Sorry for the delay in replying.

So what Harvey calls "the tech" seems to me to be actually perhaps four distinct things.

First there are the ATPs, the ones where you give them the axioms of a group and then ask them to prove some theorems about groups and they do it by flinging axioms around incredibly quickly. These are the things which originally proved the Robbins conjecture and have since then come up with proofs of results in quasi-group theory which are literally thousands of lines long.

Then there are the ITPs, which right now are mostly being used by humans to type in proofs of things -- formerly undergraduate things but in recent years there has been a solid accumulation of results which suggest that now in theory the sky is the limit (e.g. I now have no doubt that a proof of FLT could be formalised by humans, the only problem now is finding enough humans; the point is that the technical issues have been resolved).

Then there are the hammers, which try and automatically prove results in ITPs by passing them off to ATPs and then attempting to translate the results back.

And finally there are the machine learning people, who take databases of theorems and proofs (perhaps from an ITP) and then try and make more proofs. This is where people like Josef Urban come in. All I can say about this area is that it seems to me that these systems seem to be getting very good at finding short proofs -- surprisingly good, in my opinion, especially given that some of them are not even taught the language they should be writing the proofs in, they are just shown hundreds of thousands of lines of code and told "it looks like that".

Because of this confusion about what "the tech" is, these questions become perhaps harder to answer than one might first expect.

As has been pointed out already, the question about automatically proving that every natural is even or odd is unfortunately an unnatural one. The ATP's might have a go at this but my understanding is that right now they are lousy at knowing when to apply induction (however I was recently on Yutaka Nagashima's thesis committee and he has been trying to come up with heuristics to spot when induction is an appropriate tactic -- for an ITP though). However all the ITP's know these results already, and so all the machine learning systems will be able to prove them too because they'll have seen the proofs before. In particular, whilst this does look like a natural question at first, I guess it's like saying to Deep Blue (which according to Wikipedia was trained with 700,000 grandmaster games) "Ok so what do you think the best opening move is?", to which a response might be "well e4 and d4 seem pretty popular amongst humans". To give another analogy -- consider the systems which can tell a picture of a cat from a picture of a dog.
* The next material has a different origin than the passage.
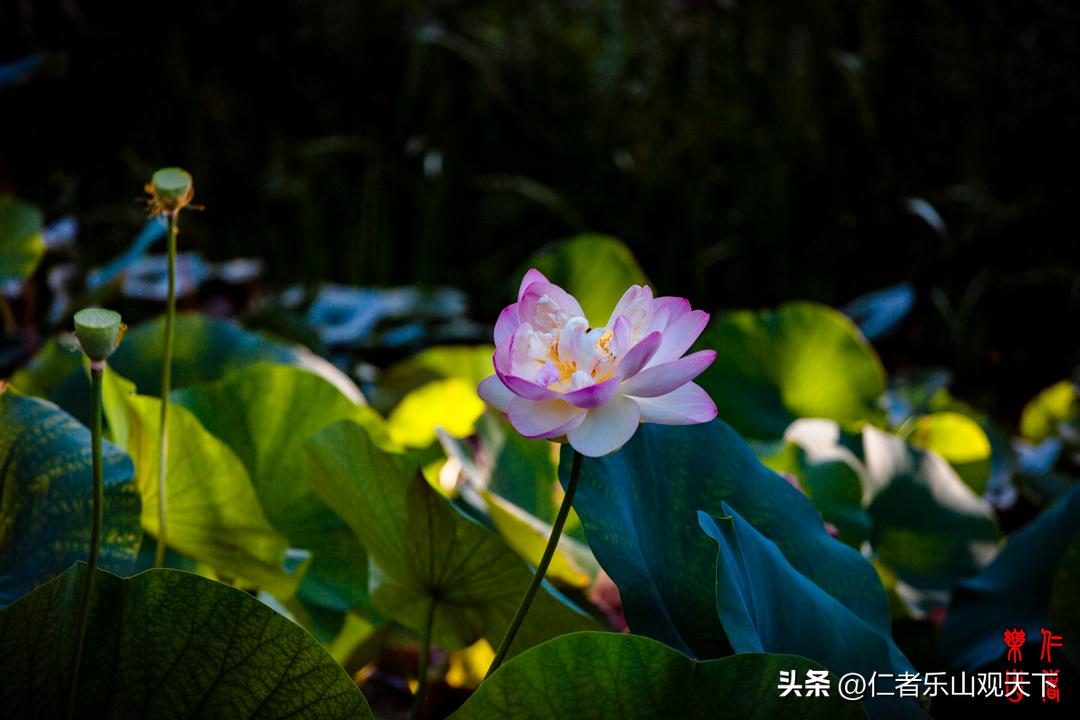 最后的摇曳——只为那绳命的回晃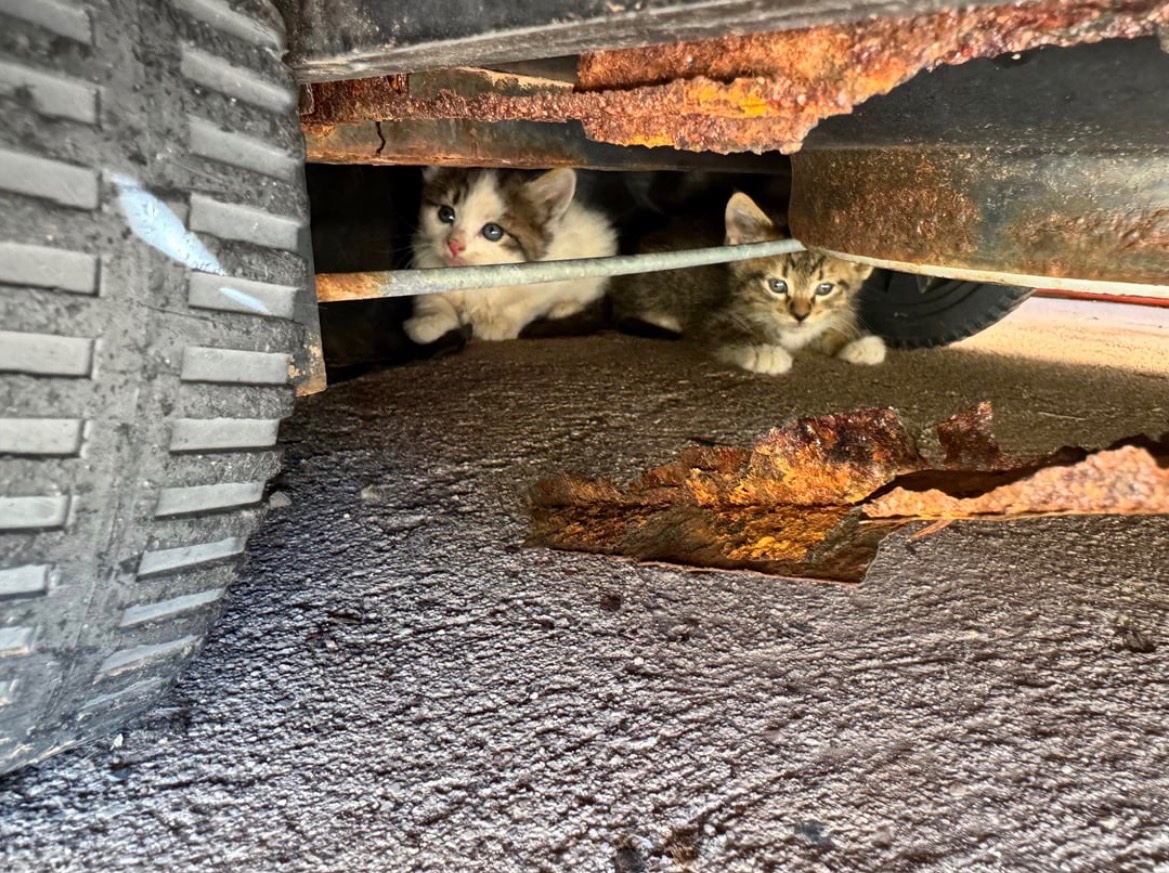 Help Arizona Stray Cats & Kittens Get Care campaign photo, 2 of 8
These things do not work by reading the Wikipedia pages for cats and dogs and then they can distinguish a jpeg of a cat from one of a dog -- these things are trained with thousands of pictures of cats and dogs first. Telling a system the axioms of ZFC and then asking them to prove that every number is even or odd is a question of a similar nature. The idea is that we should bombard the system with lots of proofs of induction *first*, and then unfortunately the easy examples become trivial because the system has seen them before.

Of course we should remind ourselves here that as mathematicians, the vast majority of what we do is just using techniques which we've seen many times before. The hard part is having the intellectual leap which is not already in our library, but you can get an extremely long way just regurgitating techniques which are already well-known, in the right order.

In particular, I think the question is *not* "how do we get these things to have what look like new ideas?". Right now the question is how we get the tech to understand the currently known ideas so it is as good as an unimaginative graduate student who can just about chase through the algebra. And one approach to this is by making a huge database of known theorems. This is what we're doing with things like algebra, number theory, analysis, topology and geometry in Lean's maths library.


PS a huge amount is known about solutions to "small" Diophantine equations :-) Number theorists have got quite good at them. Right now we're stuck on cubics in two variables, but if the coefficients are small then there are plenty of techniques. In the general case we run into BSD and related stuff.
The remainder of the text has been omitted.